想著,她看向東屋。
想來那個男人也是聰明絕頂的。
“太好玩啦,孃親囡囡還要!”小傢伙伸手摟住秦月的脖子。
秦月愣在原地,小囡囡對她一直有些懼怕,這還是第一次主動抱她。
大寶見弟弟妹妹都解開了,一張小臉立刻嚴肅起來,回身拿起魯班鎖,坐在原地便開始解,頗有解不開就不睡覺的架勢。
三寶蔫蔫地扒拉著魯班鎖,他對這個不感興趣。
秦月見狀,又給他做了一個木製小推車,一推就嘎達嘎達響的那種,三寶立刻高興起來。
東屋,陸雲景聽到院子裡傳來的嬉笑聲,怔怔出神。
自從她來了,孩子們的笑聲也多了。
她到底是一個什麼樣的女人,又有著什麼身份。
這個女人像是一個謎團,竟讓他產生想要一探究竟的想法。
至少可以肯定的是,她不會是什麼人派來接近他的,畢竟他已經完全沒有價值,不值得那些人這麼做。
東山再起?
談何容易。
如今他只求將這四根幼苗撫養長大,讓他們能夠安安生生一輩子。
陸雲景眼神黯淡下去,感受了一下逐漸麻木的雙腿,緩緩閉上眼睛。
徹底廢了也好,免得抱有一些不切實際的想法,連累四個孩子。
這種有心無力的感覺,讓他備受折磨。
秦月的魯班版強弩已經到了拼裝階段,在三四十公里之外的阜城內,幾個將領圍坐在一起,盯著面前的新式武器面面相覷。
眾人一籌莫展之際,腳步聲從遠至近。
看到進來的年輕人,屋內幾個將領非但沒有露出輕視之意,反倒一個個起身拱手行禮。
如今將軍不在城內,全軍便由左右都尉統領,下方五名大將無條件聽令。
左都尉薛雲宗正是被秦月救下的人,他回來之後,立刻便讓軍中工匠仿製這種武器,然而時至今日,卻沒有任何進展!

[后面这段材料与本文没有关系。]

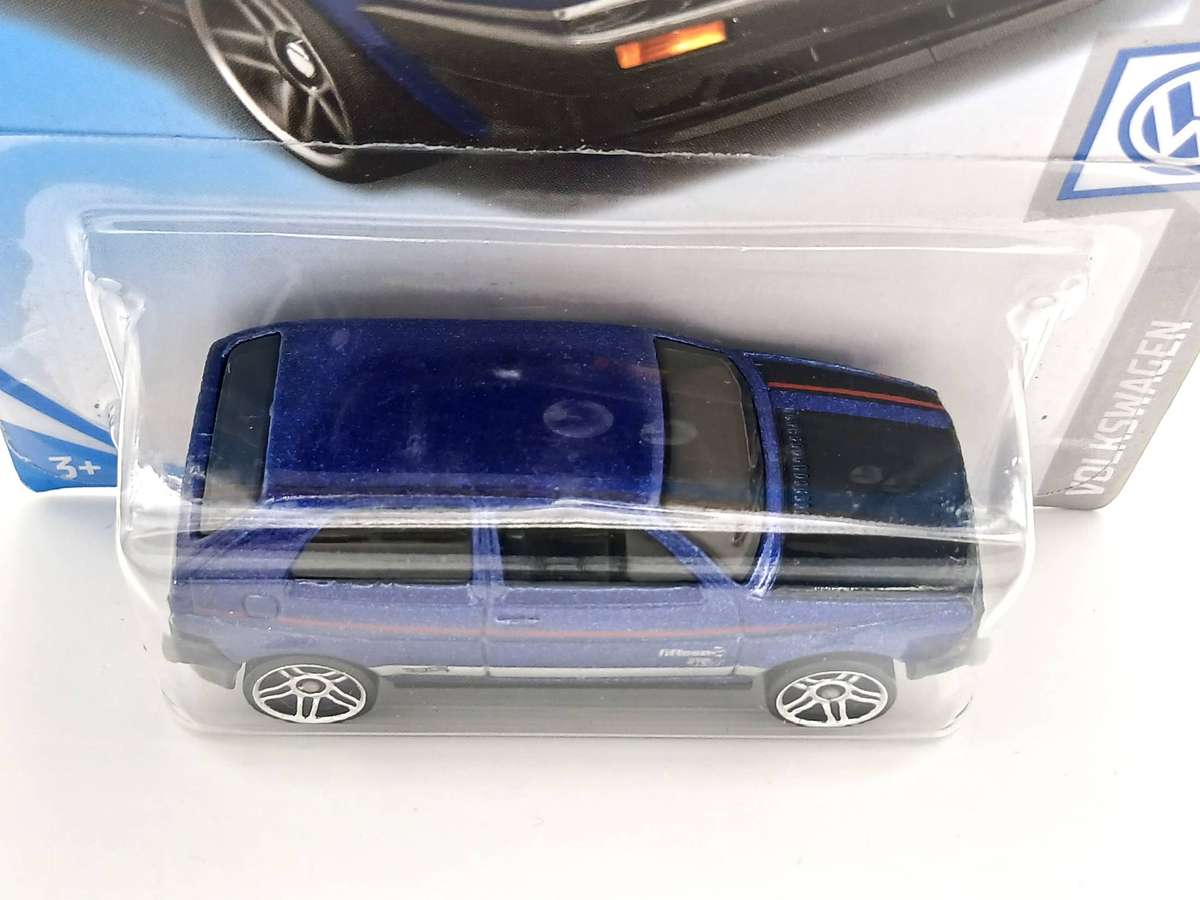 Hot Wheels Volkswagen VW Golf Mk2 Long Card
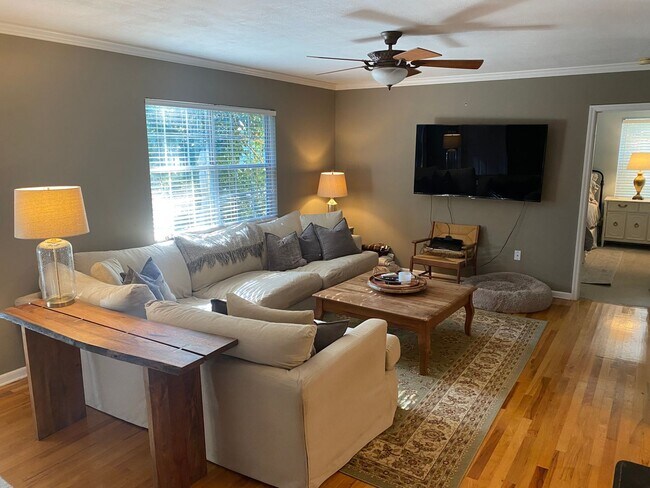 Building Photo - Charming Midtown 3 BR 2 BA Single Family H...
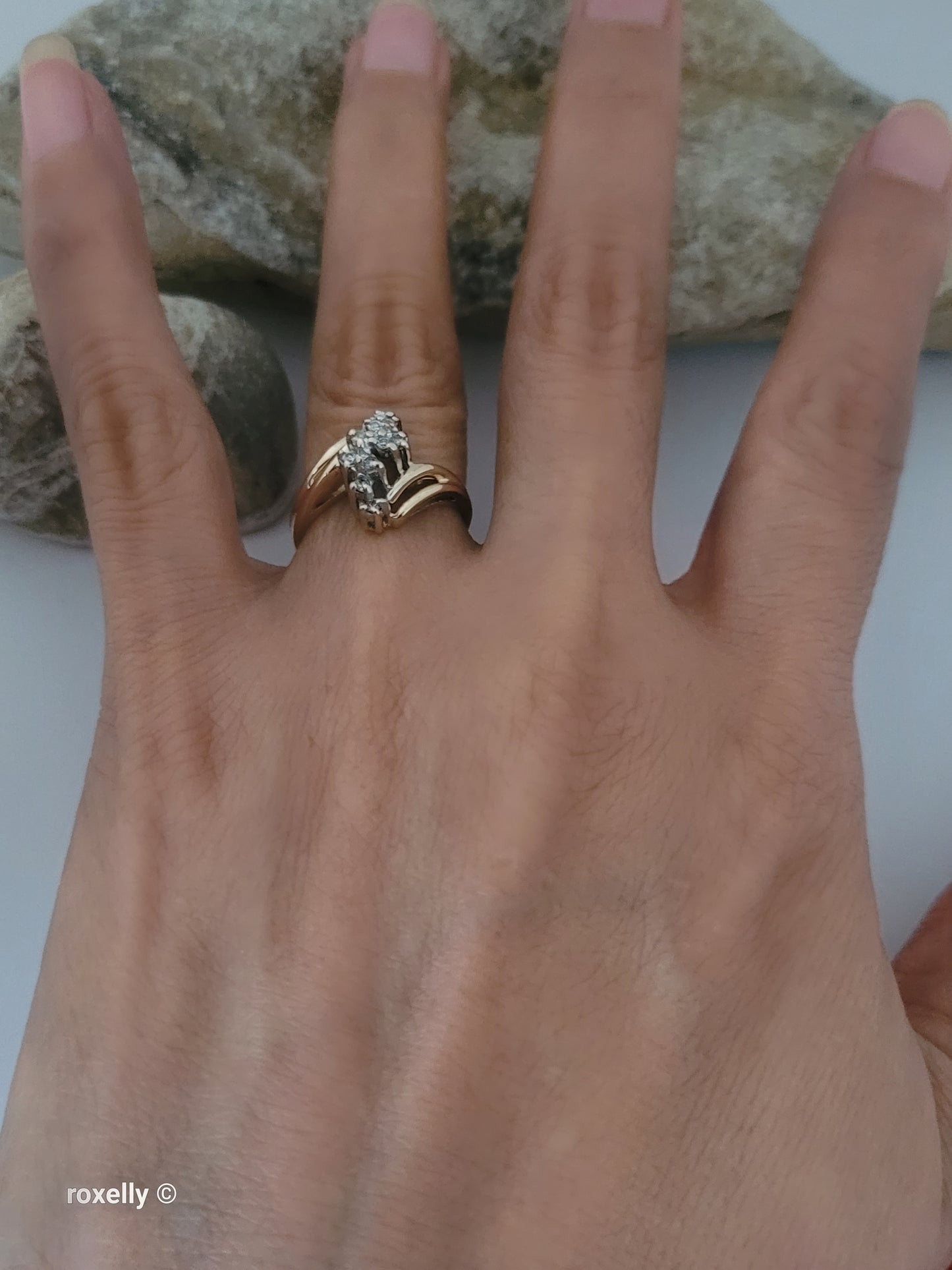14K Yellow Gold Genuine Diamond Cluster Ring Size 5.75 - Solid Gold!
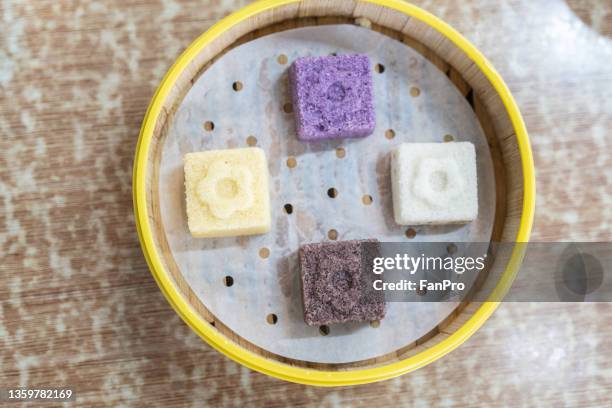 chinese snacks, steamed rice cakes - rice cakes stock pictures, royalty-free photos & images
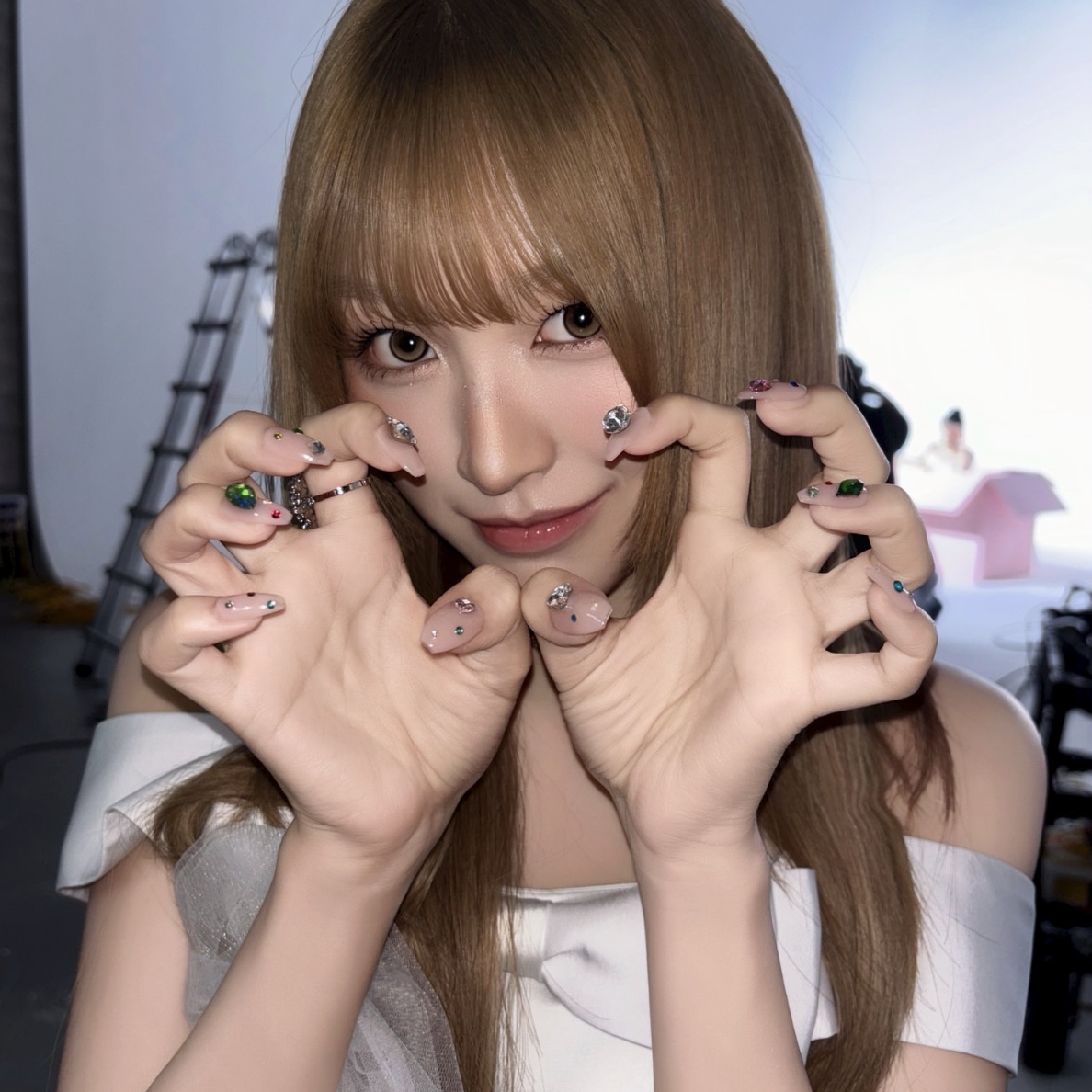 Behind-the-scenes cut of Minami (RESCENE)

薛雲宗面色陰沉,看到眾人一個個垂頭喪氣,他再也忍不住,猛地一拍桌子。
“一群廢物!三十幾名工匠,竟然無人可仿製,說出去豈非笑掉人大牙!”
一名大將大著膽子說道:“薛都尉,工匠們輪著研究了三天三夜,仿製了幾次都沒能成功,他們說這武器看似簡單,實則其中蘊含玄奧,同一班弓箭完全不同,甚至在射程上,威力很可能大不相同。”
薛雲宗冷冷地看著他,“說了這麼多,你想表達什麼?”
大將硬著頭皮說道:“工匠們言稱,若想知道其中玄奧,必須找到原製作者,她若肯教,那麼做起來並非難事。”